The XX
Coexist
| Website: | |
| Label: | Young Turks |
| Writer: | Honch |
I thought it only fair, since I’ve been so openly obnoxious towards the The XX in my short writing career, to try make things right and see if I can change my opinion of them, so I reset the hipster gauge to zero and got stuck into their latest offering ‘Coexist.’
I’m 30 seconds into first track 'Angels' and my skin is crawling from my bones. I’ve heard more happen in live renditions of John Cage’s 4.33. I’m all for post-anything but I just cant get past that feeling they are just being lazy as fuck with the instruments and vocals. Don’t get me wrong, the production throughout is unbelievable, the clarity and spatial awareness on the entire album are second to none. But that’s not really enough to merit greatness, because it needs the full package. You wouldn’t go to the cinema and compliment a shit film by telling everyone how comfy your seat was. It all just seems like one huge experiment in how great marketing, clever PR and the creation of a brand and not a band can make idiots buy anything they are told to by the big dogs.
I read in one review, I think it was the Sun newspaper, that The XX ‘Defined Dubstep’. Seriously, what the fuck are they paying these people to form outlandish statements like that? Who in their right fucking mind would ever think that The XX defined anything, ever. Yes, music is objective and all, and there is probably some fuckin jumper cunt somewhere sat in a cold bath of water with his jeans on trying to shrink them even tighter who would rate this the album of the year. Well I’m telling you now that jumper cunt is wrong; it’s a fucking carbon copy of their previous excuse for an album. Nothing new, nothing exciting, no twitchy neck hairs and certainly nothing memorable after a first listen. The only thing from the entire album that made me think ‘ooh that’s nice’ was that little feedback sound from 'Missing'. OK, we get it, you got a reverb unit, you don’t have to use it on everything.
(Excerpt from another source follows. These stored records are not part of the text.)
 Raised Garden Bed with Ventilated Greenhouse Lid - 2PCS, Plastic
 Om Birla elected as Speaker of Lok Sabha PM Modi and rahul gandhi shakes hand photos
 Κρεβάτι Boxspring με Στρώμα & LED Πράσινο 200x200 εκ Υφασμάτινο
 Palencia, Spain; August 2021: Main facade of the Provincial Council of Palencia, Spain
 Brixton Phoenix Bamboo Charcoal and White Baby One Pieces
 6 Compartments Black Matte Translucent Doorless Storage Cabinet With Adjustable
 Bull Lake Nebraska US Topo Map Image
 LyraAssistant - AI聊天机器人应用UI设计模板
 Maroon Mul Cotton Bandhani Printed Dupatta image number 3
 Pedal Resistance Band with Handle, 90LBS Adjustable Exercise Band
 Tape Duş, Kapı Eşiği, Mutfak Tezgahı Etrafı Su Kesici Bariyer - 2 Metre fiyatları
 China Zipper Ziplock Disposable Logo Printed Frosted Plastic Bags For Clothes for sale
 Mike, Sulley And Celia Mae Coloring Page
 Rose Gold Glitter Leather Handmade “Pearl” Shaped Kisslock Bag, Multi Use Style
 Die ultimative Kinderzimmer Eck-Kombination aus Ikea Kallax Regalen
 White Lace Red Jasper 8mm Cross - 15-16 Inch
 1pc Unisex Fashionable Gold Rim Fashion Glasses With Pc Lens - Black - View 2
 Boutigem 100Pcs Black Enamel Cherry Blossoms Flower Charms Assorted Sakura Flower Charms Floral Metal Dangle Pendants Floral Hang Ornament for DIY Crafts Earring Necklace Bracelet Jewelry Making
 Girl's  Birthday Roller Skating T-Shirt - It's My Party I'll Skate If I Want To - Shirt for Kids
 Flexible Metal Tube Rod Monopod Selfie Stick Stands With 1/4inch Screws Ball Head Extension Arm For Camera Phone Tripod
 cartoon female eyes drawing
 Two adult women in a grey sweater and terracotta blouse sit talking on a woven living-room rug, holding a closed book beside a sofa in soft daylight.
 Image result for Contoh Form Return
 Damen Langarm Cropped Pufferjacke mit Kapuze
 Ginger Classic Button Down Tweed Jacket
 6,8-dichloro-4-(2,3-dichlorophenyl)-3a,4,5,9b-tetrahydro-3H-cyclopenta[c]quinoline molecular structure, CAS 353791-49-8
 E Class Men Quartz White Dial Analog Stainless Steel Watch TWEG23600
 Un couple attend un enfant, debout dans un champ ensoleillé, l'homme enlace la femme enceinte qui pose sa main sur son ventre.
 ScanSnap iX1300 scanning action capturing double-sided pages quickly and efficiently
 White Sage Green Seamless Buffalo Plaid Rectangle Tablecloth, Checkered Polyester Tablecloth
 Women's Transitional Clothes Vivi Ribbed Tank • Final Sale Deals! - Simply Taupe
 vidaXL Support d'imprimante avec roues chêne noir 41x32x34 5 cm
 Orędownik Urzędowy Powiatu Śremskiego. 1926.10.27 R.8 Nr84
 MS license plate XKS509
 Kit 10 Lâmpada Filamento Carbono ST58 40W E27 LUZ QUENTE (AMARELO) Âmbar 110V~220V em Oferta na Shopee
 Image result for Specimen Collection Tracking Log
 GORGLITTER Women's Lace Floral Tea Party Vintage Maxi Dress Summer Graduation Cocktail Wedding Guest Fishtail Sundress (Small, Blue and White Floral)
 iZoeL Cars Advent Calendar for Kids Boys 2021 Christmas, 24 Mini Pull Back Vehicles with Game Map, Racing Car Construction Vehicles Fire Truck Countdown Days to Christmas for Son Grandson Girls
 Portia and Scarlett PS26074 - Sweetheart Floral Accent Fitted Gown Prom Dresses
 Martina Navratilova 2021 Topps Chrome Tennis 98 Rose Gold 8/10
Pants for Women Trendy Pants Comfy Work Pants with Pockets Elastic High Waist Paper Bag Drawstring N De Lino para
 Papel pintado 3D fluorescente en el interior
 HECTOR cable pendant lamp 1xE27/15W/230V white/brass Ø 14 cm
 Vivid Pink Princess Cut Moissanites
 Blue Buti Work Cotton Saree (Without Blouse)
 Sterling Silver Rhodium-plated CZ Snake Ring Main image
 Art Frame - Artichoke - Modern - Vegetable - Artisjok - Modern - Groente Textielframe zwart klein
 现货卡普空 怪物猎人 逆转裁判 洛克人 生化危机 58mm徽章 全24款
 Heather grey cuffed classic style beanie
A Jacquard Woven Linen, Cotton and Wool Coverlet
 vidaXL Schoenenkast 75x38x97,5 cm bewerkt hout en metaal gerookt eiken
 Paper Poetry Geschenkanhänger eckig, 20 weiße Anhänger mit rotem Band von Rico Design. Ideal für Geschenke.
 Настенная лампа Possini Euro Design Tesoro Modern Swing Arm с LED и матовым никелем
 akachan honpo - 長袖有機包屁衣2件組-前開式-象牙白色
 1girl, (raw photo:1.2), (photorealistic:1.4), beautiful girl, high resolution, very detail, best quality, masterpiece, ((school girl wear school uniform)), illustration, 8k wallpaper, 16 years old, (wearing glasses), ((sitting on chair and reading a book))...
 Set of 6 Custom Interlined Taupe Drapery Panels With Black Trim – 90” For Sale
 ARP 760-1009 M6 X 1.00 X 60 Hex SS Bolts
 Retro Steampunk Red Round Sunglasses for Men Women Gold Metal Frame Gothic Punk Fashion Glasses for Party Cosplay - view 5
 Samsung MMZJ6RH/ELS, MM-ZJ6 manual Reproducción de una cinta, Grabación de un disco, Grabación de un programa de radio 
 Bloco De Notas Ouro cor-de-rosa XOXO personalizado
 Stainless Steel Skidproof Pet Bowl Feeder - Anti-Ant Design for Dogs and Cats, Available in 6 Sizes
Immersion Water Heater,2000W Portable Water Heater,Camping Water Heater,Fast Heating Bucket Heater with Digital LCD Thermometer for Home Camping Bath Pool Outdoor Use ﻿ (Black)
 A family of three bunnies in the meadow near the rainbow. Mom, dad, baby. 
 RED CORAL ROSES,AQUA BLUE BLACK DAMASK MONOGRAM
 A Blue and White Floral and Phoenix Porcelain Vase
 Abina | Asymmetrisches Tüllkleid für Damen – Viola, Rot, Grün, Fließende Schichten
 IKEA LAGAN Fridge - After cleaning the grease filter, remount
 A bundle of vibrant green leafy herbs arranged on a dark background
The steel drum sound on 'Reunion' sounds fucking horrendous and doesn’t fit at all. Does a steel drum fit in any music that isn’t from the Caribbean? No. Its mildly rescued by the nice driving beat that follows it, so not all is lost. The problem with this review is I have to keep re-listening to the album as I’m writing this because lets face it, I’d do better recalling the changes in a drone track. Boring force-fed shite, I can’t listen to it anymore.